Upon initial announcement, the Super 6 caught synth nerds’ attention everywhere as it boasted a modern re-creation of the SSM2044 filter; an iconic sound featured in the Korg Trident and Polysix, the Emulator, and the PPGWave 2.3. UDO has delivered as the four-pole, 24dB filter with low pass, high pass, or bandpass modes really brings the analog character of the Super 6 to life. They fizz through swirling pads and strings, they bubble along modulated leads and can growl on unison basslines with a switchable pre-filter drive to add extra punch when needed.

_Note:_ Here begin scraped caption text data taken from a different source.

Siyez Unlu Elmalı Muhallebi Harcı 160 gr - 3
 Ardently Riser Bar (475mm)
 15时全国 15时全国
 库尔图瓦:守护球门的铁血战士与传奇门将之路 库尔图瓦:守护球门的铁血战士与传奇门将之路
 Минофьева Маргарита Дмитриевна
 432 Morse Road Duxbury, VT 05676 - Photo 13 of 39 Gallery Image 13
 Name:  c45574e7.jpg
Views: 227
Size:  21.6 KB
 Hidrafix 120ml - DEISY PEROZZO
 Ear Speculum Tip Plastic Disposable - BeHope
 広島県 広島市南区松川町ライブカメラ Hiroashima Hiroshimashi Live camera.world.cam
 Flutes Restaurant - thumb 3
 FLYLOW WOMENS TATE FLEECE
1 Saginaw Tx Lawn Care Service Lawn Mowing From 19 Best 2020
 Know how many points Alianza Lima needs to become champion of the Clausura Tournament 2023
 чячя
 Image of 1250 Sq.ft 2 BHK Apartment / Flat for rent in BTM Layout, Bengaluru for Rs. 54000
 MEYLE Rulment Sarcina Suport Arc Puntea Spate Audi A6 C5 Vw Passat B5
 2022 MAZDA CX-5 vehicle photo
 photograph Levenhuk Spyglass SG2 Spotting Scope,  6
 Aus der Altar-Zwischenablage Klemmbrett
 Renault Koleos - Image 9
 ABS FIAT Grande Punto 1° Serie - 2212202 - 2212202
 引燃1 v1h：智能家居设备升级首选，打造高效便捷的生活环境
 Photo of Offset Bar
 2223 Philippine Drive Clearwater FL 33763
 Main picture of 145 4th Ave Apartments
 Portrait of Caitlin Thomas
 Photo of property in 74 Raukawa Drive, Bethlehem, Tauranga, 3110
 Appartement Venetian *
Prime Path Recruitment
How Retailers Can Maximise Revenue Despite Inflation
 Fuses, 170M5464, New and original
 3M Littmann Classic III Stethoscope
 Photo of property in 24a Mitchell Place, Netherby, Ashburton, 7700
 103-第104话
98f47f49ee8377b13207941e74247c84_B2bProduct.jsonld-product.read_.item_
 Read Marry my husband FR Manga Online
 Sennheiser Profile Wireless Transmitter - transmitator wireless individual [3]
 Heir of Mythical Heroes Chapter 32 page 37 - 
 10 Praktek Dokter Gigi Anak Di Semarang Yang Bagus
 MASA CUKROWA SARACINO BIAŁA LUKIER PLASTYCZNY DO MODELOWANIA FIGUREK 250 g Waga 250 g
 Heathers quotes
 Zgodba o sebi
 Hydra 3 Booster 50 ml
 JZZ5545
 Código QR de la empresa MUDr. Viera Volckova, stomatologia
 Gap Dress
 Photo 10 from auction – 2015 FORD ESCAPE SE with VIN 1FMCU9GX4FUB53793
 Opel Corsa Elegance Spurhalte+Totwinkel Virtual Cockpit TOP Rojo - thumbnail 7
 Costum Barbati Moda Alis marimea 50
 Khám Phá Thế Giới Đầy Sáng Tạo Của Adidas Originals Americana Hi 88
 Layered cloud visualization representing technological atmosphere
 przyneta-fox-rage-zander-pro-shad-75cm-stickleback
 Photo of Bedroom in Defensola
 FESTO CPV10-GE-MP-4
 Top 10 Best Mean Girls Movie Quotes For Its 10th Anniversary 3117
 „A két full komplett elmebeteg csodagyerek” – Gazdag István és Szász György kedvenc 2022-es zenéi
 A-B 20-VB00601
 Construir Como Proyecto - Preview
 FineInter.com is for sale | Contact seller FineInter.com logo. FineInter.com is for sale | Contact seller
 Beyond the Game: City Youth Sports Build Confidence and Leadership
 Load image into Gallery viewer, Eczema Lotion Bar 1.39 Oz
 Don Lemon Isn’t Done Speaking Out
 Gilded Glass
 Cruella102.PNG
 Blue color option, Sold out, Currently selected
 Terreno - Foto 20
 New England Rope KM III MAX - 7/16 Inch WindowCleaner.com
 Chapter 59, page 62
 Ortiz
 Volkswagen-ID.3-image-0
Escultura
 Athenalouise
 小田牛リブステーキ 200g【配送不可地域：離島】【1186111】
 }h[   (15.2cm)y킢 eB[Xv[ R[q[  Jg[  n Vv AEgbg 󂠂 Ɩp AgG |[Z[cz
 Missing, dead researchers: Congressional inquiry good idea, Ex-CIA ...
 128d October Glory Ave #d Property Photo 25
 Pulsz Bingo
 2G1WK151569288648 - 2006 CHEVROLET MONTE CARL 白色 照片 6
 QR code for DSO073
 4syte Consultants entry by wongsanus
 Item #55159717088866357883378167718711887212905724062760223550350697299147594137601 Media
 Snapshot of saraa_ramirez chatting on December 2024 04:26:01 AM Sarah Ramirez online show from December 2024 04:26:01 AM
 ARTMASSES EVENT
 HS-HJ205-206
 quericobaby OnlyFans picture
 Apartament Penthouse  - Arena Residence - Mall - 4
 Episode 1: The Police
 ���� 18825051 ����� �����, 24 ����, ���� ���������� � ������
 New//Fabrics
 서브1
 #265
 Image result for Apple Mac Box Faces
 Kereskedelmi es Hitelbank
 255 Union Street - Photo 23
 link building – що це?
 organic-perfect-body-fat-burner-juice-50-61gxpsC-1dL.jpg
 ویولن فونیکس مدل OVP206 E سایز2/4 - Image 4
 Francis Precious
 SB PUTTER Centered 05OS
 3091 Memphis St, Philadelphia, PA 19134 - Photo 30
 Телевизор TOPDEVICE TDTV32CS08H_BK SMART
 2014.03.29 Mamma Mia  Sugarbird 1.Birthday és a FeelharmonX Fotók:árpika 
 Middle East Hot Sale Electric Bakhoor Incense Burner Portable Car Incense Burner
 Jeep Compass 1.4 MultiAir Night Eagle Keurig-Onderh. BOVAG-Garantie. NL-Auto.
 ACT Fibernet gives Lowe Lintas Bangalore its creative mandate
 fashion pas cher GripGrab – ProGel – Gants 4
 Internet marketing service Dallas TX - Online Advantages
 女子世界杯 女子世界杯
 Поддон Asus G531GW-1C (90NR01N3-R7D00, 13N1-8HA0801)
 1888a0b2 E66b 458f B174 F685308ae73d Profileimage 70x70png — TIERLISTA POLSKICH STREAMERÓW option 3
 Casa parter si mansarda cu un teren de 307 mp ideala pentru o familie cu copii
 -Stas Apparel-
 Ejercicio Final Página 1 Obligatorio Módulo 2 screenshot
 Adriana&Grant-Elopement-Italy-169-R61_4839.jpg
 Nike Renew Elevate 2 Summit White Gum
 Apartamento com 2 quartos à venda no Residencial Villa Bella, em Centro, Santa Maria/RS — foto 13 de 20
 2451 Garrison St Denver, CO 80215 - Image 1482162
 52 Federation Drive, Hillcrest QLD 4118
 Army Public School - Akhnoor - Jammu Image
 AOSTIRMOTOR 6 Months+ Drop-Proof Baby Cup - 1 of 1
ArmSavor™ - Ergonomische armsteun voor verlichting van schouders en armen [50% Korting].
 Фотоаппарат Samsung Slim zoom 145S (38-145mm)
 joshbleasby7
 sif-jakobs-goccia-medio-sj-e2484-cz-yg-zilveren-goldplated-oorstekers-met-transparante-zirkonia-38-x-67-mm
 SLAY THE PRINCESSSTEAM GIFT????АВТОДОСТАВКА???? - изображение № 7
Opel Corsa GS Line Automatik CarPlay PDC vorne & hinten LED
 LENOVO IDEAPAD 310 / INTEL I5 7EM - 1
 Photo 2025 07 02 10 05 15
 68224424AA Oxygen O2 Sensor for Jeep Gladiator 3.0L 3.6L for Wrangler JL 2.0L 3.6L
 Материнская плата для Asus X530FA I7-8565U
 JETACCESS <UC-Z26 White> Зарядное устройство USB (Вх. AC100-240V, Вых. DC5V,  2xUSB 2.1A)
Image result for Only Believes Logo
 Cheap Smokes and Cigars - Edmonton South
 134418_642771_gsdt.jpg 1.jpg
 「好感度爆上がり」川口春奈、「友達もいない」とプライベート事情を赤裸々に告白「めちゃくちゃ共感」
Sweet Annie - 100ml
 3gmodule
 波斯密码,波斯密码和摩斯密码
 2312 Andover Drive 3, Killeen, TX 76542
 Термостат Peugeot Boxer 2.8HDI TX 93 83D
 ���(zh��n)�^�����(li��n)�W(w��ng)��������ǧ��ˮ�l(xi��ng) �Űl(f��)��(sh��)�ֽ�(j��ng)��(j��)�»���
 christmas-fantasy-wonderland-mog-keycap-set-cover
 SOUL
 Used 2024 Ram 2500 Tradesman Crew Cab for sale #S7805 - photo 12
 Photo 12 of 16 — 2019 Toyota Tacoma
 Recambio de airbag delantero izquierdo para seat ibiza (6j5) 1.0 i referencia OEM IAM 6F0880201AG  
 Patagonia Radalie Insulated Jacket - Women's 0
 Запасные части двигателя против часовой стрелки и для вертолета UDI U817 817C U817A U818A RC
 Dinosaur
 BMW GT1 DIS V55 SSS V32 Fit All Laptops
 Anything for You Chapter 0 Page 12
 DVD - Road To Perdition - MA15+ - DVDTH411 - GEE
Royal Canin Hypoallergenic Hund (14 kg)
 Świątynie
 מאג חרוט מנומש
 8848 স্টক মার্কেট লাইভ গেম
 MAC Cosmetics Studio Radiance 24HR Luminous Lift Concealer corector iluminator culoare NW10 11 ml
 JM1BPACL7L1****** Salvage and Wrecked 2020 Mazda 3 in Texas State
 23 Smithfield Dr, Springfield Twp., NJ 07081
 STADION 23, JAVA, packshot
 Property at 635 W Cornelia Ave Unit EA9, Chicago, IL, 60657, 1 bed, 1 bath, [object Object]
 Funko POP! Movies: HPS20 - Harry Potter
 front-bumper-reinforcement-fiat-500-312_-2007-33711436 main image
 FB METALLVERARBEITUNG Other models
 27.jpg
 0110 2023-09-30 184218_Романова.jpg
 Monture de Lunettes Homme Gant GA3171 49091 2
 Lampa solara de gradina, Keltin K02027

The Super 6 has two LFO’s and beyond their basic function as modulation sources (they have dedicated sliders for LFO1 to modulate both the oscillators, the VCFs and the VCAs), they have some additional functionality in the form of high frequency (audio-rate) speeds. In this mode LFO1 essentially becomes a third oscillator as it can track the keyboard. LFO1 has four basic shapes (triangle, square, random, or saw) but can also copy the single cycle waveform of DDS1. It can be free running, reset on each note or cycle once (useful for percussive sounds).
LFO1 also triggers independently for each of the six ‘Super’ voices, resulting in dynamic variance from voice to voice in binaural mode. LFO2 is a more rudimentary triangle shape but is useful for classic modulation options with corresponding tact switches to modulate the oscillators, VCF, or VCA, as well as being just one of the sources in the modulation matrix.
The mod matrix is cleverly integrated into the patch selection tact switches (selecting custom DDS1 waveforms is the third function of these switches). Select a source, select a destination and use a dial to determine the amount. LED’s above the tacts correspond to the dial as a visual cue for the affected source. Alternatively, you can enter mod assign mode, select and hold a source tact then move a parameter on the front panel you would like to modulate, then dial in the amount. Like so much of the Super 6 experience, it’s quick and simply a treat to use. I could click these springy tacts and tweak these deluxe sounds all day long!
Being their first instrument, UDO have done well to give the Super 6 an air of legacy. Combining the vintage aesthetic design with state-of-the-art technology, it feels like a synthesiser that will stand the test of time. The sound is so classy, the interface is oh so smooth.
The hi-fi effects section and polyphonic step sequencer/arpeggiator provide the finishing touches to the crazy patches you can create. It does classic analogue sounds so well, and its binaural capabilities offer unique sound design possibilities that will surely be gracing sound art installations and sci-fi soundtracks everywhere soon enough.
Hybrid synths have long represented a best of both worlds ideal that sometimes sadly falls short, but not here; the Super 6 is a tangible example of this dream realised. Here at Mixdown, we’re dreading the day we have to give our demo model back and certain staff members are already reconfiguring their finances to accommodate a purchase.